Supplied data: Begin

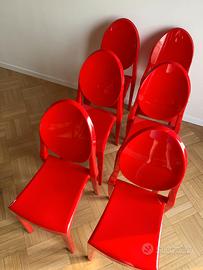 Sedie Victoria Ghost rosse (Set di 6)
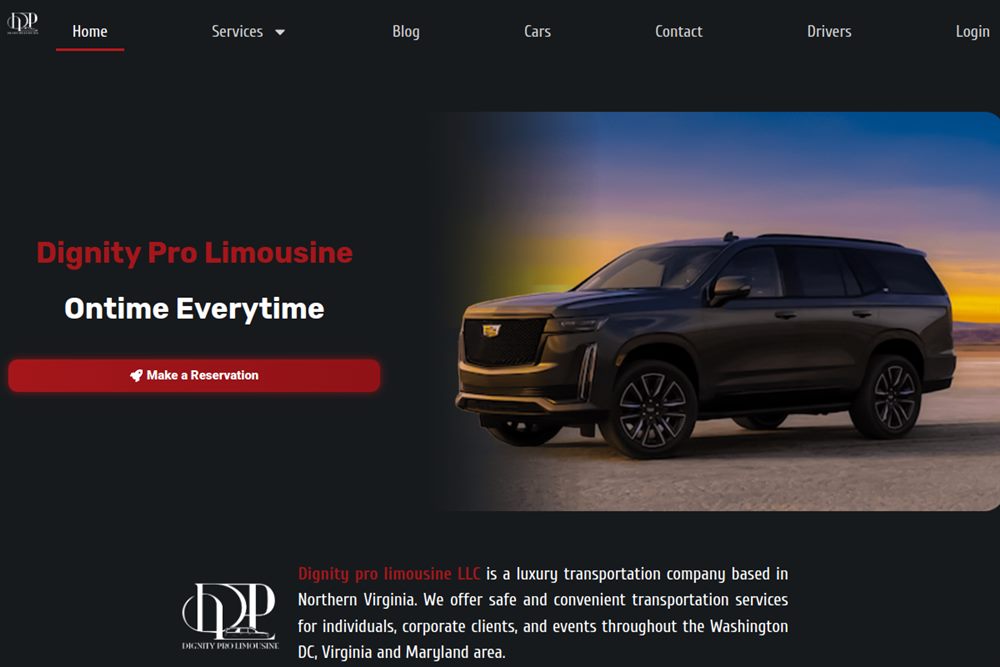 پیش‌نمایش سایت Dignity Limousine
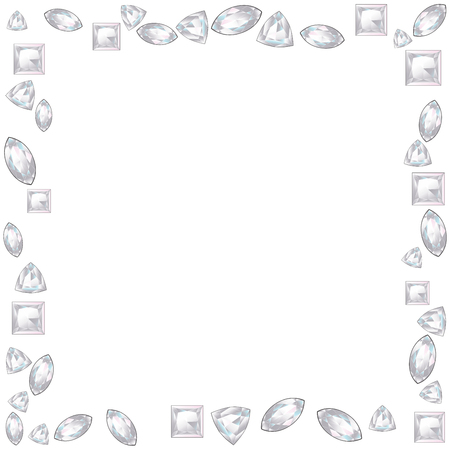 Gemstone illustration, diamond in different shapes design over white background.のイラスト素材
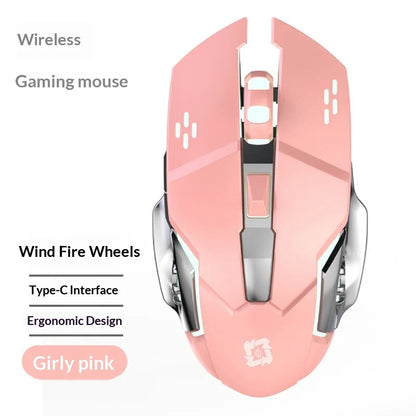 Wireless Mouse Silent Rechargeable Type-C Bluetooth 2.4G Dual Mode Ergonomic RGB Light for Laptop PC Office Home Gaming Daily Wo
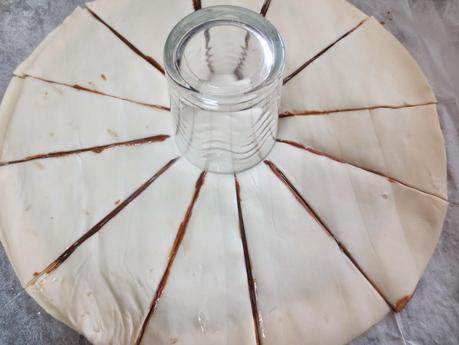 Estrella de hojaldre dos nutellas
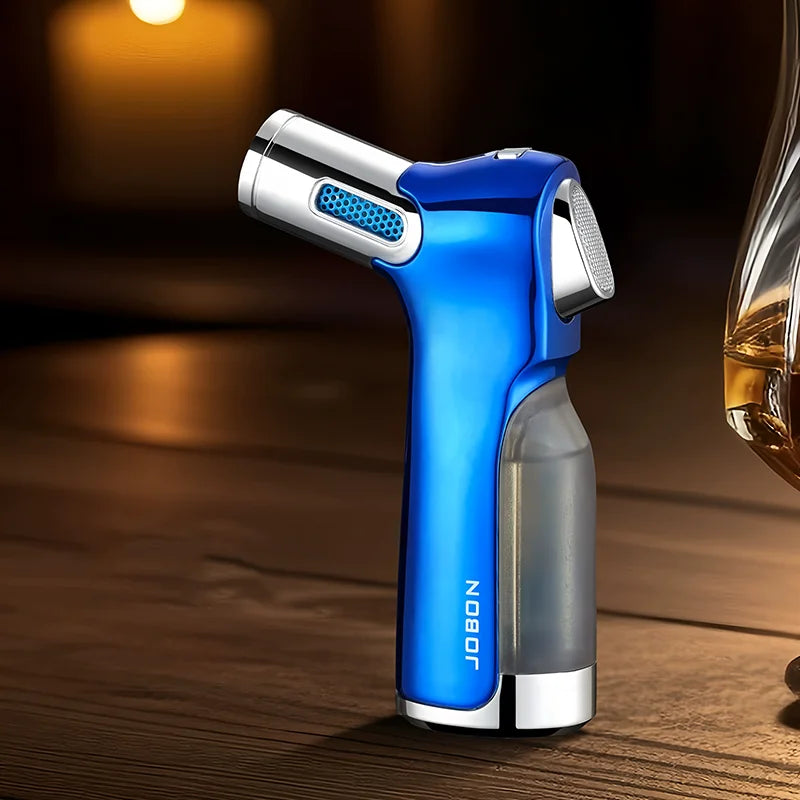 JOBON Visible Gas Four Torch Lighter Windproof Spray Gun Cigar Lighter for Kitchen Cooking Jewelry Welding Safety Lock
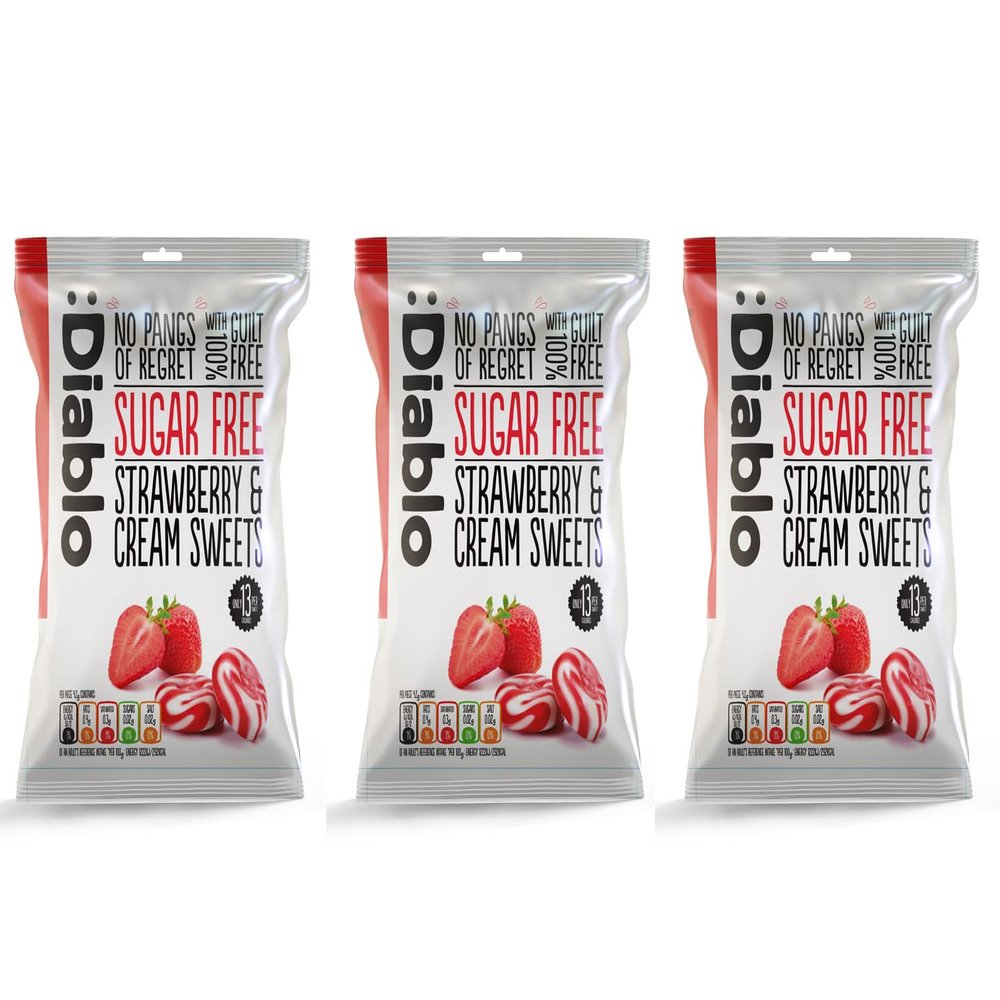 Diablo Sugar-Free Candy Strawberry & Cream, Healthy Sweets Sweetened with Maltitol, Sugar-Free Treats for All Occasions, Ideal for Gift Boxes, Mothers Day & Fathers Day  75g, Pack of 3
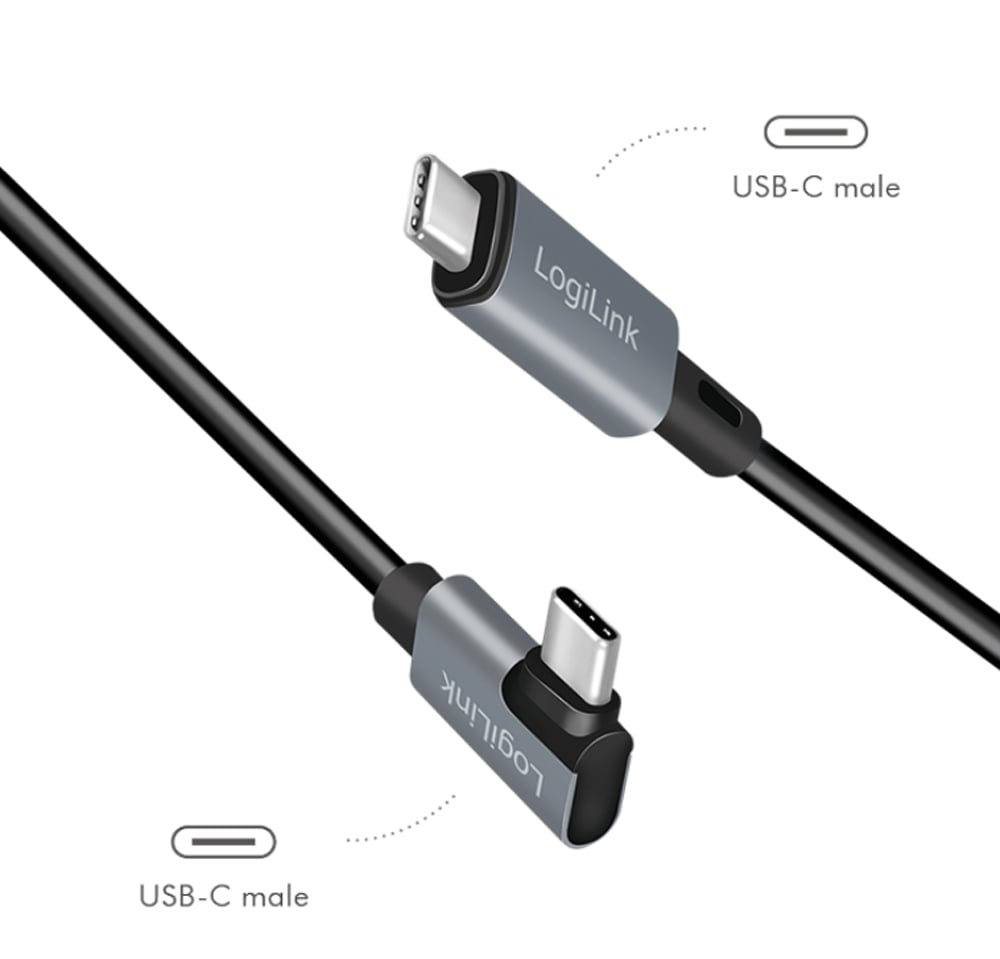 Cavo HighSpeed E-mark PD USB-C™ Maschio Angolato/USB-C™ Maschio Dritto 2m Nero LOGILINK - immagine 4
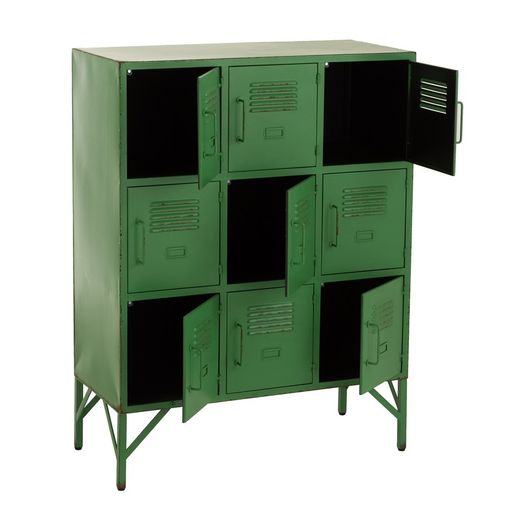 Sideboard mit 9 Türen aus grünem Metall, 86 x 42 x 113 cm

Supplied data: End

Restate word for word the lines from the line with "Gemstone illustration, diamond" to the last line of the records above, inclusive, and omit every picture.

Solved exercise:
 Gemstone illustration, diamond in different shapes design over white background.のイラスト素材
 Wireless Mouse Silent Rechargeable Type-C Bluetooth 2.4G Dual Mode Ergonomic RGB Light for Laptop PC Office Home Gaming Daily Wo
 Estrella de hojaldre dos nutellas
 JOBON Visible Gas Four Torch Lighter Windproof Spray Gun Cigar Lighter for Kitchen Cooking Jewelry Welding Safety Lock
 Diablo Sugar-Free Candy Strawberry & Cream, Healthy Sweets Sweetened with Maltitol, Sugar-Free Treats for All Occasions, Ideal for Gift Boxes, Mothers Day & Fathers Day  75g, Pack of 3
 Cavo HighSpeed E-mark PD USB-C™ Maschio Angolato/USB-C™ Maschio Dritto 2m Nero LOGILINK - immagine 4
 Sideboard mit 9 Türen aus grünem Metall, 86 x 42 x 113 cm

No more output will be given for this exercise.